Abstract
Municipal websites serve as central platforms for local governments to share information with the public. They offer authoritative, up-to-date, and free access for researchers to collect city-level data. However, until now, a comprehensive and accurate database of municipal web addresses did not exist. Here, we introduce a complete and manually verified dataset containing information on whether a municipality has an official website and, if so, what its web address is, of all 19,518 municipalities in the United States. With this dataset, researchers can easily conduct systematic searches on municipal official websites for self-defined keywords. The search results are well-suited for text-based analytics. This new data source benefits urban scholars who struggle to access high-quality local data for nationwide studies and contributes to narrowing the data gap.
Introduction
Accessing accountable and timely data has been an essential, albeit daunting, task for urban scholars. Data at the city level is crucial for understanding urban processes and determining development trends; however, it is scattered across different agencies and not easily accessible (Manley and Dennett, 2019; Von Radecki and Dieguez, 2022). Though many cities have started to host open data portals, these portals often do not have comparable measures and only exist for a few high-profile large cities (Bischof et al., 2015; Matheus and Janssen, 2020; Zhu and Freeman, 2019). Traditional methods of data collection (e.g., interviews, surveys, and observations) are expensive and time-consuming, and thus overly costly or not practical for studies at large scales (Caughy et al., 2001; Groves et al., 2011; Gubrium and Holstein, 2001). As a result, studies at the local level are often limited in scope.

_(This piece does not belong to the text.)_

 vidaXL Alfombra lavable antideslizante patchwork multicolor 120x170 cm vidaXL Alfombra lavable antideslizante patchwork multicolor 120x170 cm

Using municipal websites as a data source could potentially narrow the data gap for large-scale studies and benefit scholars across disciplines. With the recent advances in technologies, scholars in various fields are calling for innovations in research methodologies and explorations of new data sources (Druckman and Donohue, 2020; Ilieva and McPhearson, 2018; Salganik, 2018). Unstructured text, such as social media posts and web content, has proven to be a valuable source to bridge the data gap (Cai, 2021; Yao and Wang, 2020; Zheng et al., 2014). As a main channel for local governments to disseminate information and engage with the public, municipal websites offer a large amount of authoritative material, such as official reports, planning documents, event listings, and regulations. These resources cover a variety of topics and may not be available through conventional data sources. In addition, municipal websites are updated regularly, which can be particularly useful for tracking changes over time.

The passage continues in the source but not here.